Go up only one size and handle the rootball as little as possible. Azolla pinnata resents root disturbance, so the goal is to slide the intact rootball into slightly more soil — not to tease, wash or prune the roots. A modest step up means less shock and a faster recovery.

Not sure of the exact diameter? Our pot size calculator takes the current pot and root spread and tells you the right next size — it deliberately recommends a single step up, never a big jump.

The best time of year to repot azolla pinnata

Early spring, just as new growth restarts, is the ideal window for azolla pinnata. The plant is moving into its strongest growth phase and re-roots into fresh soil quickly. Avoid repotting in winter dormancy or, for flowering plants, while it is in bud or bloom — recovery is slowest then and you risk dropping the flowers.

Step-by-step: repotting azolla pinnata

  1. Keep disturbance to a minimum. Azolla pinnata resents root disturbance, so the plan is to move the intact rootball — not to wash, tease or prune the roots.
  2. Choose just one size up. Pick a pot only one size larger with drainage, and have moisture-retentive none — free-floating, no substrate ready.
  3. Slide the rootball out whole. Water the day before, then ease azolla pinnata out keeping the rootball intact. Gently free only the roots that are circling the very bottom.
  4. Nestle it into fresh soil. Add a base layer of fresh mix, set the rootball in at the same depth, and backfill gently around the sides without packing hard.
  5. Water and protect. Water in, then keep it warm, humid and out of direct sun for a few weeks while it re-roots. Expect a short sulk — that is normal.

Aftercare

Expect azolla pinnata to sulk for a couple of weeks — that is normal after any root disturbance for this group. Keep it warm, humid and out of direct sun, water just enough to keep the mix lightly moist, and do not panic and overwater while it re-roots. Do not fertilise for about 4 weeks — fresh mix already carries nutrients and feeding freshly disturbed roots scorches them.

The right soil mix for azolla pinnata

Azolla pinnata wants none — free-floating, no substrate. Roots dangle in the water column rather than anchoring in soil. It draws nutrients (especially phosphorus) directly from the water; in paddies it floats above flooded mud. Always use fresh mix when you repot — reusing old, broken-down soil reintroduces the compaction and poor drainage you are repotting to fix.

Repotting azolla pinnata — frequently asked questions

How often should you repot azolla pinnata?

Every 1–2 years, disturbing the roots as little as possible for azolla pinnata. Repot azolla pinnata every 1–2 years, disturbing the roots as little as possible — it sulks for weeks if the rootball is teased apart.
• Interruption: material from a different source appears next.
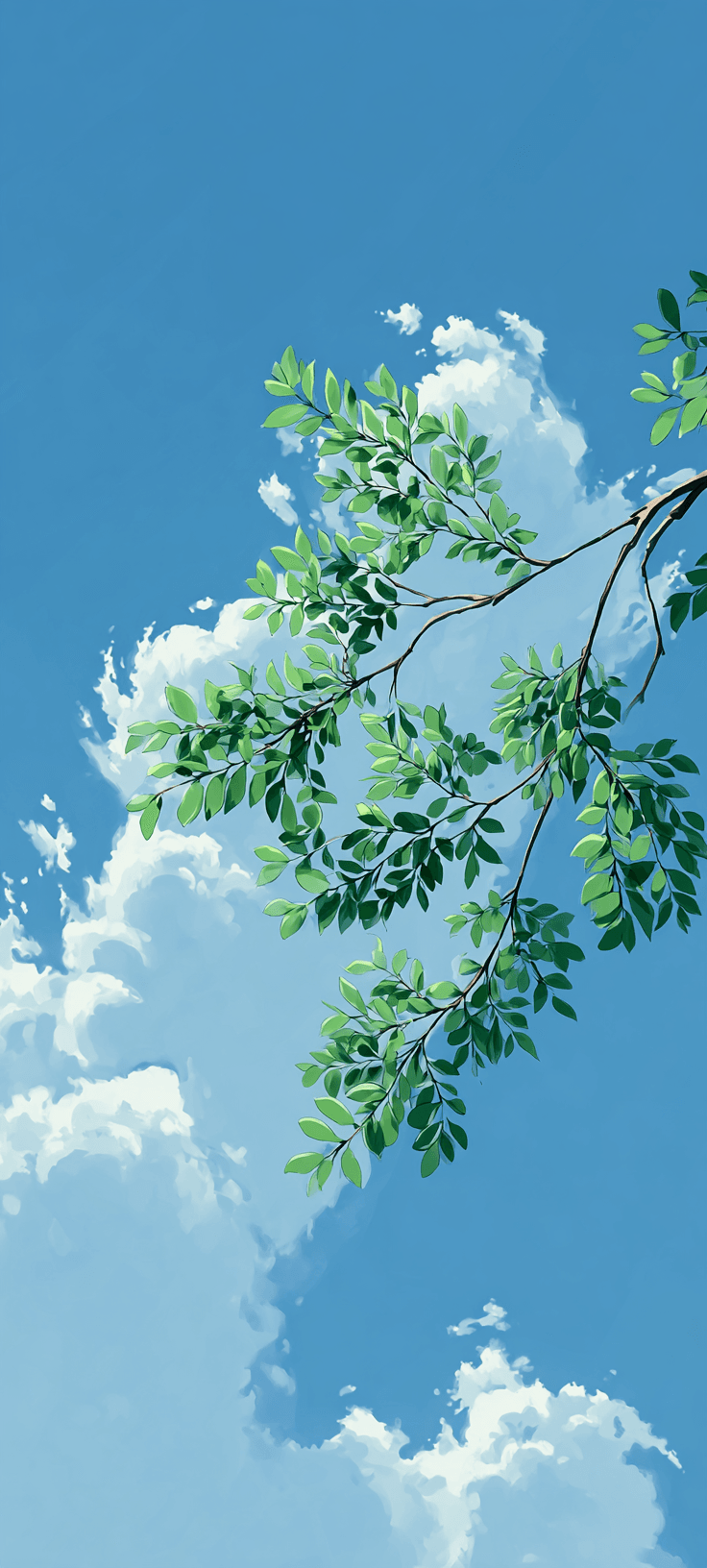 Minimalist Green Branch Against Blue Sky Anime Wallpaper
Slide it into one size up in spring with fresh none — free-floating, no substrate, keep it warm and humid afterwards, and never bare-root or hard-prune the roots.

What size pot does azolla pinnata need?

Go up only one size and handle the rootball as little as possible. Azolla pinnata resents root disturbance, so the goal is to slide the intact rootball into slightly more soil — not to tease, wash or prune the roots. A modest step up means less shock and a faster recovery. Use our pot size calculator to size it from the plant's current pot and root spread.
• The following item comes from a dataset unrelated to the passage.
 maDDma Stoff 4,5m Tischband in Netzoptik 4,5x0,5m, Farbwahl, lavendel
When is the best time of year to repot azolla pinnata?

Early spring, just as new growth restarts, is the ideal window for azolla pinnata. The plant is moving into its strongest growth phase and re-roots into fresh soil quickly. Avoid repotting in winter dormancy or, for flowering plants, while it is in bud or bloom — recovery is slowest then and you risk dropping the flowers.

Why does azolla pinnata sulk after repotting?
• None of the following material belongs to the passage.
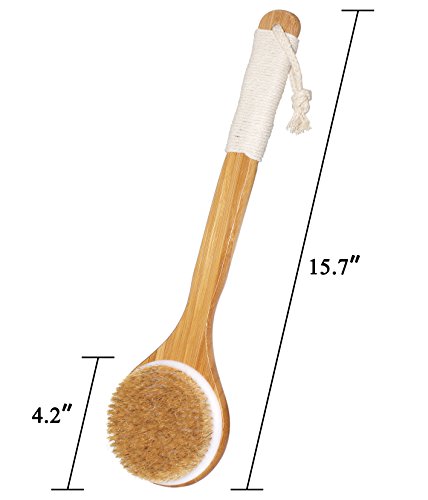 Esup Body Brush Dry Brush Back Scrubber Bath Brush with Long Bamboo Handle for Cellulite and Exfoliating, Perfect Christmas Gifts for Woman and Wen - Thumbnail 3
Azolla pinnata resents root disturbance, so a wilt or stall for a week or two after repotting is normal, not a failure. Minimise it by keeping the rootball intact, stepping up just one size, and keeping the plant warm, humid and out of direct sun while it re-roots.

Should you fertilise azolla pinnata after repotting?

Not immediately. Wait about 4 weeks after repotting azolla pinnata. Fresh mix already contains nutrients, and feeding freshly cut or disturbed roots burns them. Resume your normal feeding routine once you see new growth.